Speaking of other Indigenous wordsmiths, Jazz Money is making quite an impact right now. Her “How to Make a Basket” is on my Leaning Tower of TBR…
Haha thanks Glen. Ballad of the totems is in the Macquarie Pen anthology, but I hadn’t heard it before this. I love the line “With words you never see in print, except in DH Lawrence”.
And thanks re Jazz Money I was aware of her, and that book – love the title – but haven’t read her. I also remembered, after I published my post, Charmaine Papertalk Green. I should have mentioned here. BUT you can’t mention them all.
Oh, and yes, I do remember “I tell you true”.
Yes, I love the Lawrence reference, too. Philip Larkin did something similar in “Annus Mirabilis” (if I may):
“Sexual intercourse began in 1963,
Which was rather late for me,
Between the end of the Chatterley ban
And the Beatles’ first LP.”
I’ve just realised I’ve got the lineation wrong for that verse, but you get the idea…
I was pondering the lines not because I thought they were wrong but just because I was interested … so yes, I got the idea!
Of course you may … love it!
I don’t read poetry, but I do read Indigenous, which occasionally includes poetry. And I enjoy it. Because it’s generally telling a story I think. The most recent collection I’ve reviewed is Guwayu – for all times, from Magabala Press but commissioned by Red Room.
I think the poem (actually a work in progress) that I enjoyed most from that collection was the long piece Bigger than School Stuff by Declan Furber Gillick about the importance of speaking/preserving Language. In this case Arrente.
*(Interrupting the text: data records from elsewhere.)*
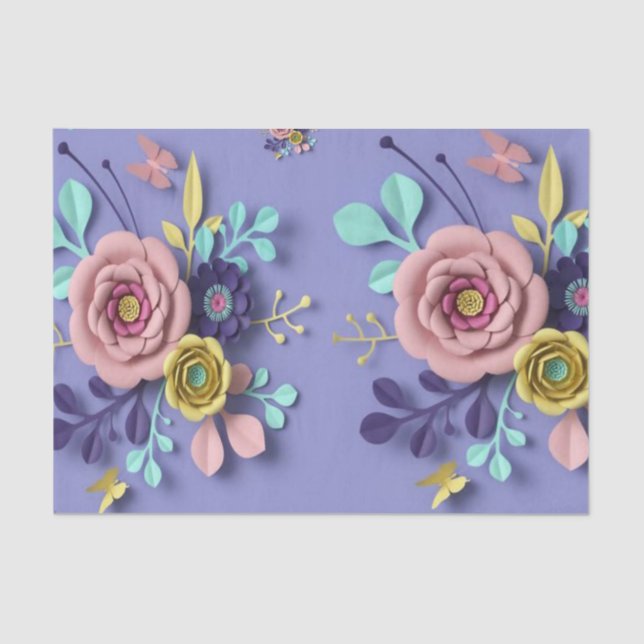 Papier Mousseline Papier Tissu Purple Floral (Recto)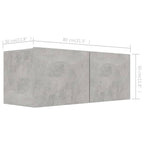 Set di Mobili Porta TV 5 pz Grigio Cemento in Legno Multistrato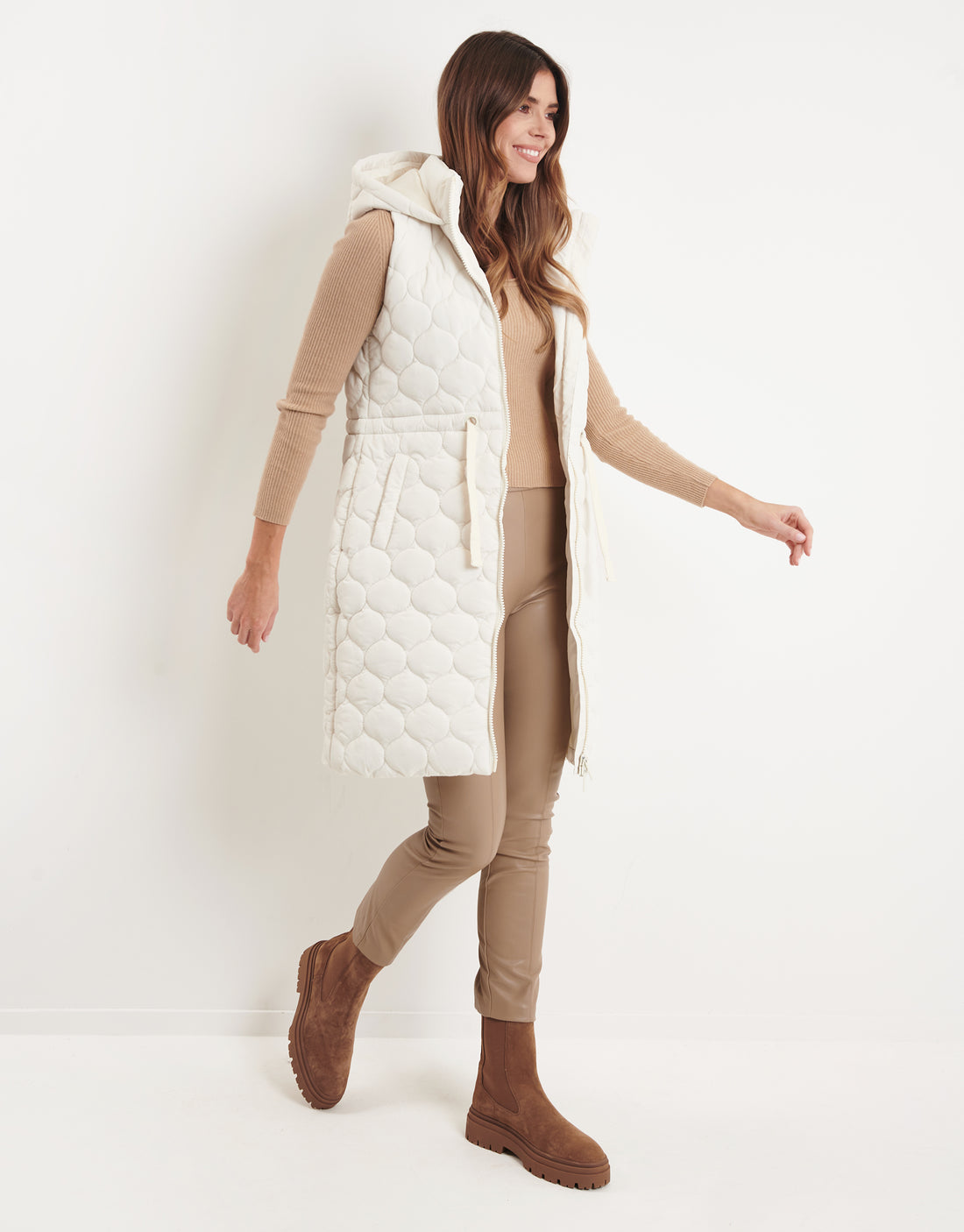 Women's Cream White Longline Gilet Onion Quilted Ladies' Jacket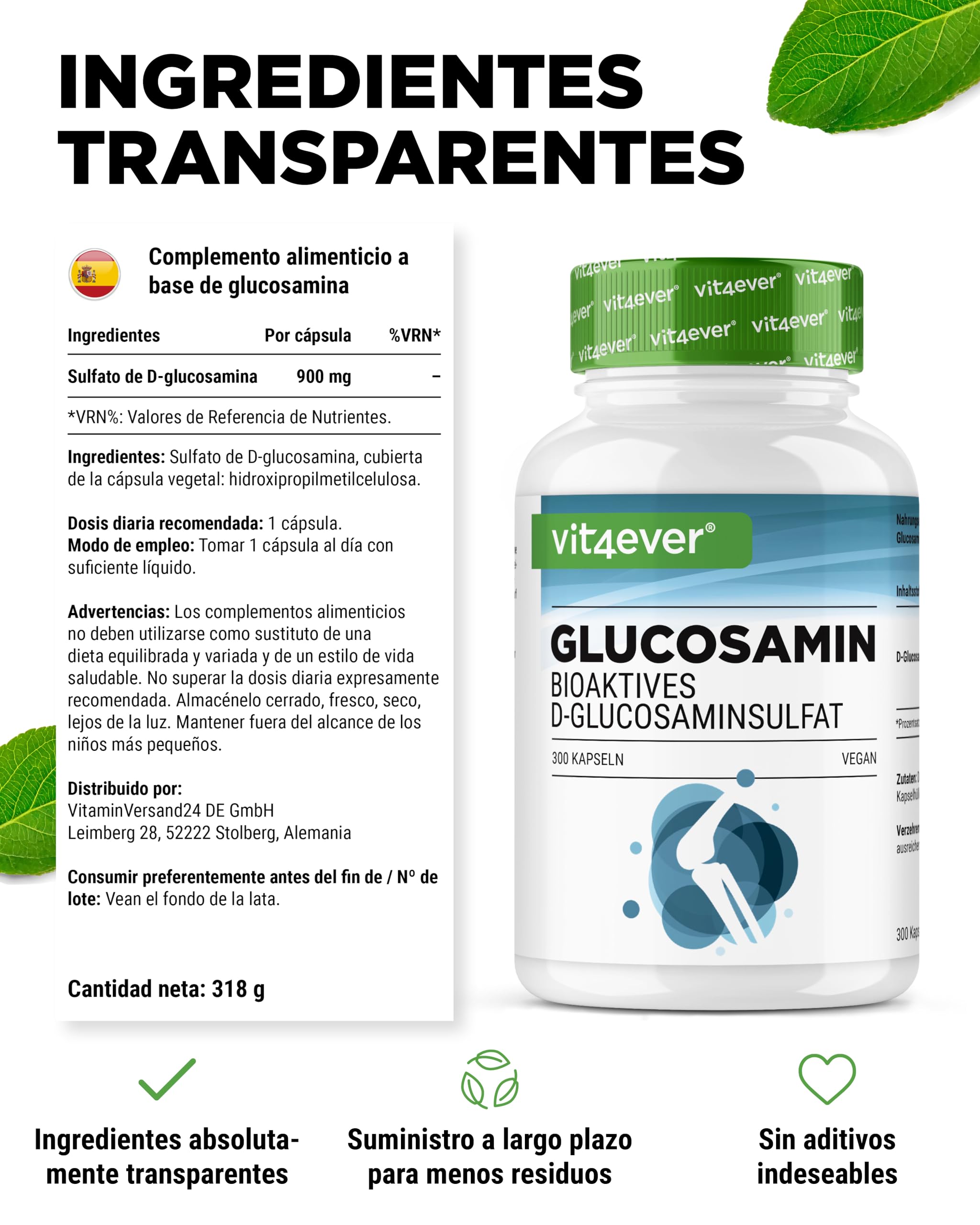 Glucosamina 900mg - 300 cápsulas - sulfato de D-glucosamina bioactivo de fermentación - sin aditivos indeseables - alta dosis - vegano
Thanks Bill … yes, I think you have a point that quite a bit of Indigenous poetry does tell a story. I certainly enjoy that too. I have heard of Guwayu, but had forgotten you’d reviewed it too.
And I’ve also reviewed Charmaine Papertalk Green (with John Kinsella)
That’s right, you have. I did mean to mention her.
This was excellent and full of information to explore – thank you so much.
Thanks Liz … it’s worth the work when people respond like this.
Thanks for the reminder of those pets, Sue. so much rich writing!
Glad you got something out of it Jonathan.
I remember learning in college why anthologies can be problematic. They are considered “the canon,” and typically the canon is dead white men. Then, there was a movement to create anthologies of other groups: Hispanic, Native American, Black, Women, LGBTQ, etc. And then there was the concern that those works of canon in the “other groups” anthologies were a problem (I can’t remember why). I will say this, though: every huge anthology (not the dead white men ones) I had to buy for a lit class in college introduced me to several authors whom I then became interested in and read further. I have a massive American anthology with stories from Native American writers, and that’s where I first learned that white people would take away Native children and put them in horrible schools where they were mistreated and (some) died. I was in college.
So, if Australia has an anthology of Indigenous writers, that would be a great way for readers to get a taste of lots of folks. Poetry collections are deceptive in that they look so short but can actually take quite a while to read!
Thanks Melanie… I agree with all you say about anthologies, and you are also right about poetry collections as I found out once again with the one I’ve just read!